I have confronted him on this issue many times. He usually gets angry at first, then acknowledges my feelings and says he will try to make changes.

I should add, about two years ago he started coming to bed at 2, 3, 4 am because, I found out, he was upstairs watching porn. Now, at his choice, he sleeps on the couch while I sleep in our room. We have not shared a room in 5 months, again all at his doing. The other day I found about 20 porn videos stashed under the couch, big surprise.

Obviously, as a woman, the lack of intimacy (and deceitfulness on his part) is tearing me apart. I used to take it personally, and long questioned why he wasn't interested in me, even though I am only 32 and in good shape. I now realize it is his issue, not mine ... but I am still lonely and only beginning to recover my self-esteem.

I have come to the realization that he has no intention of stopping this, despite the many, many conversations. I told him today that I could not continue our relationship as it is, that it is just too hurtful, and we are living together as roommates. I should add, the rest of our marriage is decent, and there are many things about him that I love ... he is romantic in his own way, and often tells me he loves me, is lucky to have me ... and I believe that he does love me.

Still, when I told him he needs to get rid of the porn, stop clearing the history on his phone and computer (which he does daily, b/c of the porn), come back to our bedroom and commit to reestablishing our intimate life, he told me he will not stop looking at porn. He also refuses to go to counseling, which I also said we needed.

So, I told him if that was his choice I would be filing for a separation. I don't want a divorce, we have a child together and I hoped would have more, but I don't know what else to do. I'm at a complete loss. Any advice, insights or thoughts very much appreciated ...


----------



## deejov

I'm sorry you are in this mess, 

What did he say when you told him you would be filing for a seperation?

From what you have said, I would agree that you did the right things... and I think it's possible he has a real problem with this. He's choosing porn over the marriage and meeting your needs. 

You deserve better. If he isn't at least attempting to meet your needs or work on this problem, he doesn't deserve to be married to you.

I know that doesn't help the hurt, the anguish, the thought of being a single parent, and getting a divorce. 

Have you looked up any resources for addiction to porn?


----------



## FirstYearDown

Listen to deejov.


----------



## sandalsinthesnow

Thanks for your responses! When I told him I'd be filing for separation, he got angry and said if I wanted a divorce that was my decision. He acts as though I am the one in the wrong for giving "ultimatums," but it only came to that since he has done nothing to change his behavior on his own in years. It's an incredibly frustrating circle! 

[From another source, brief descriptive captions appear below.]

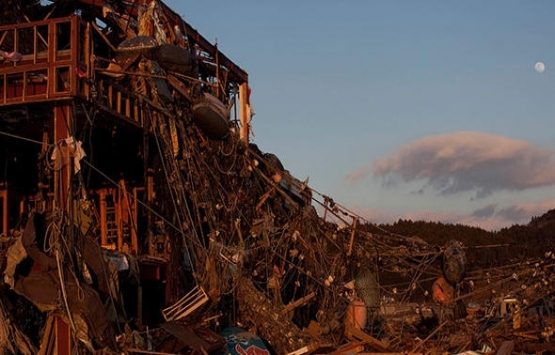 Akılalmaz iddia! Yarın mega deprem olacak!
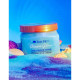 Tree Hut Скраб для тіла Ocean Glow Sugar Scrub 510 г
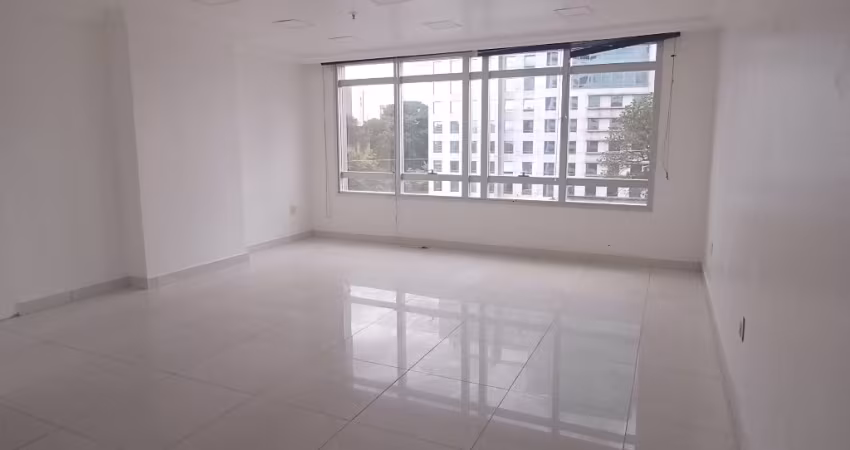 Sala no The Place - R$ 380.000,00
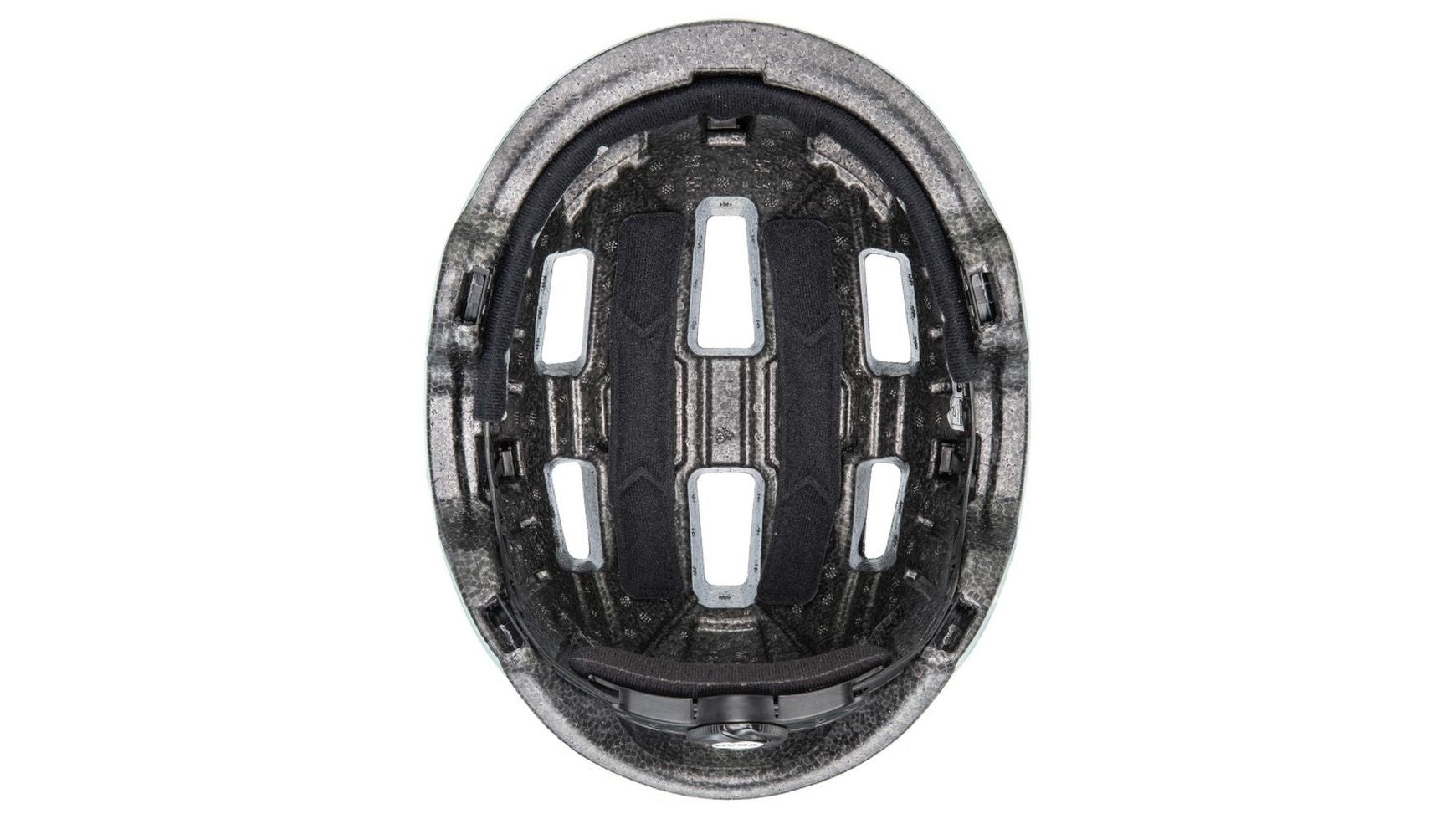 Uvex Hlmt 4 Skate Helm Kids/Teens image 4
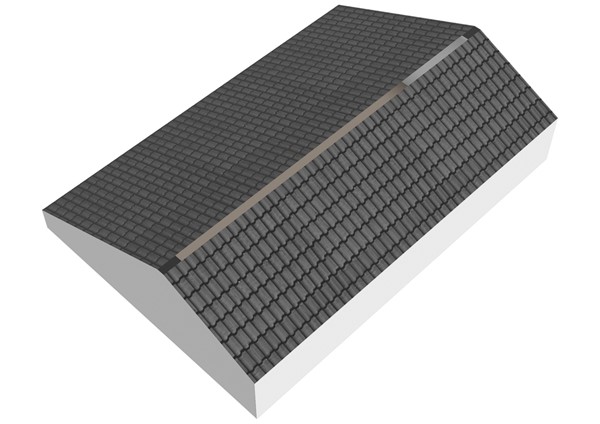 Hoge Rijndijk 104B, 2313 KM Leiden - Hoge Rijndijk 104-B - Leiden - Vliering - 3D  _6.jpg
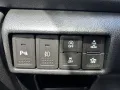 Suzuki SX4 S-Cross Comfort 4x4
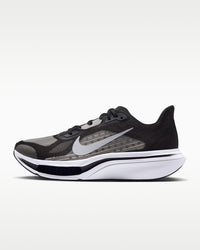 Nike Pegasus Plus 2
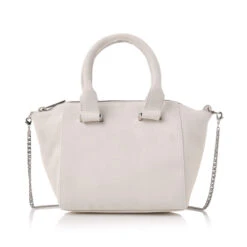 Fiarucci Bridal Jelise Bruidstas Off-White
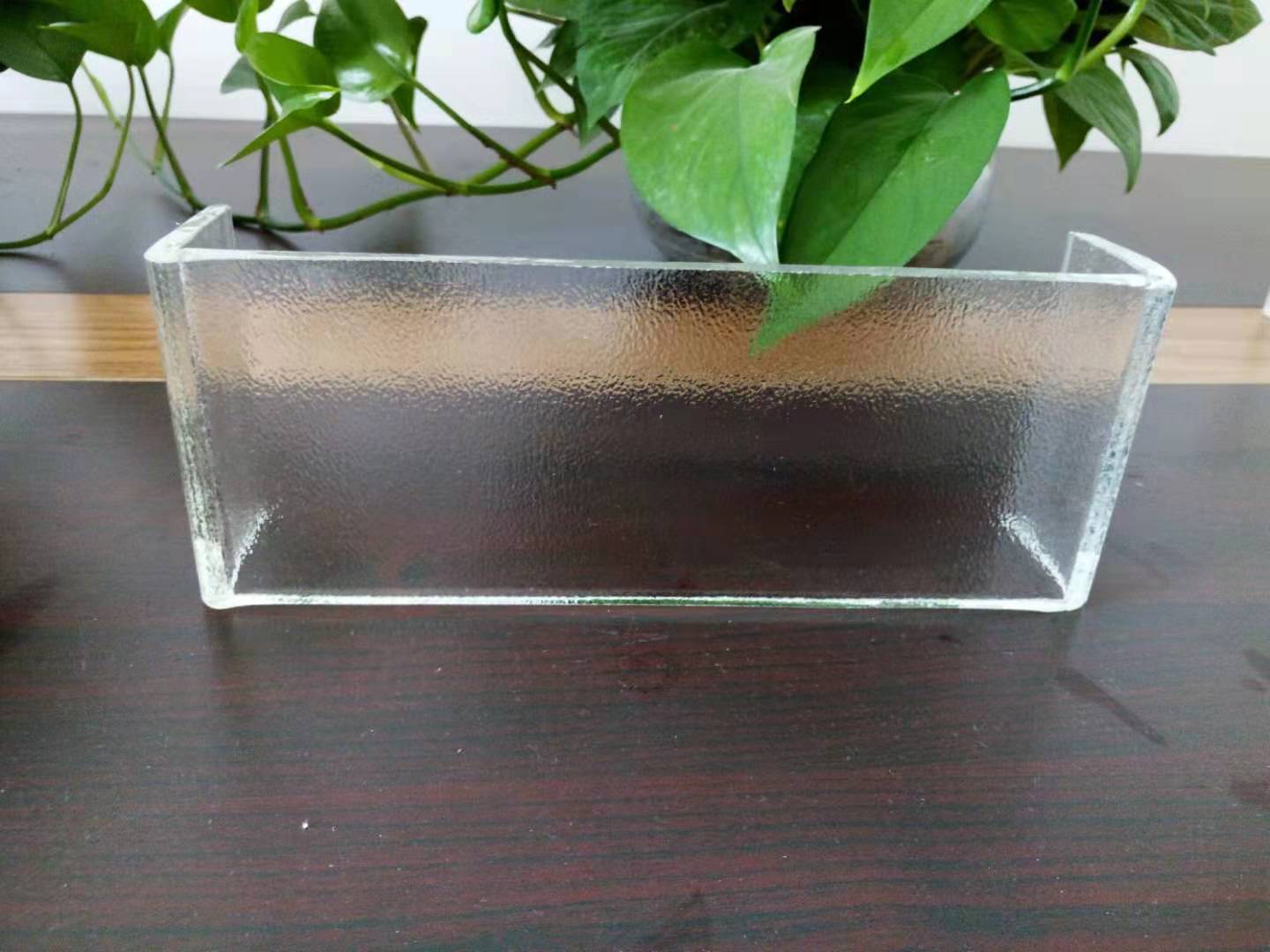 ����U�Ͳ���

And, I haven't followed through with my "threat" of separation, although I did say I meant it that he has to get rid of the porn. This has yet to happen, of course.


----------



## square1

You need to put that threat into action. My husband had a porn problem and one day I just couldn't take it anymore. I told him I was tired of him making me crazy for thinking porn was a problem. He always gave the same responses during any discussion, "its not a big deal its just porn" or "you are over reacting its just porn" I really started to feel like maybe I was looking at things wrong and it really wasn't a problem. It got so bad he even admitted that he had to look at porn the few times we did have sex so he could get an erection. That was the last straw I told him to never touch me again. I felt disgusting my own husband had to look at other naked women to get turned on and then come to me to finish it. We maybe had sex 1x a week but he was viewing porn everyday/night masturbating 4x a day. I told him I was done being his roommate and was going to leave. He of course didn't believe me at first until he saw me packing my stuff. He told me he would take my concerns seriously and work on his problem. He hasn't viewed porn since April. Our sex life needed some work cause I felt so ugly and disgusting why would anyone want me type attitude. After months of working on it we now have sex almost everyday. I still have some bad feelings from what happened but I work on those dialy just like he has chosen to work on his porn addiction.


----------



## annagarret

You are not alone in your walk with a husband hooked on porn. Know that and believe it. 
Men, who I deeply respect and feel great compassion for, have such a deep struggle with porn. This has nothing to do with you, repeat, this has nothing to do with you. Even men married to Victoria Secret models and Playmates struggle with lust.:scratchhead: Being female we will never be able to wrap our heads and hearts around it. Try to compare it to romance, females looooove romance in all parts of our life. From old romantic movies, a flower shop, Christmas shopping for loved ones, making a nice dinner, being with girlfriends, babies, puppies. etc. you get the point. We are romance driven we can't explain it we just know it. In men's defense they don't know that about us and have to learn it about us, usually by us pouting, yelling or crying about it.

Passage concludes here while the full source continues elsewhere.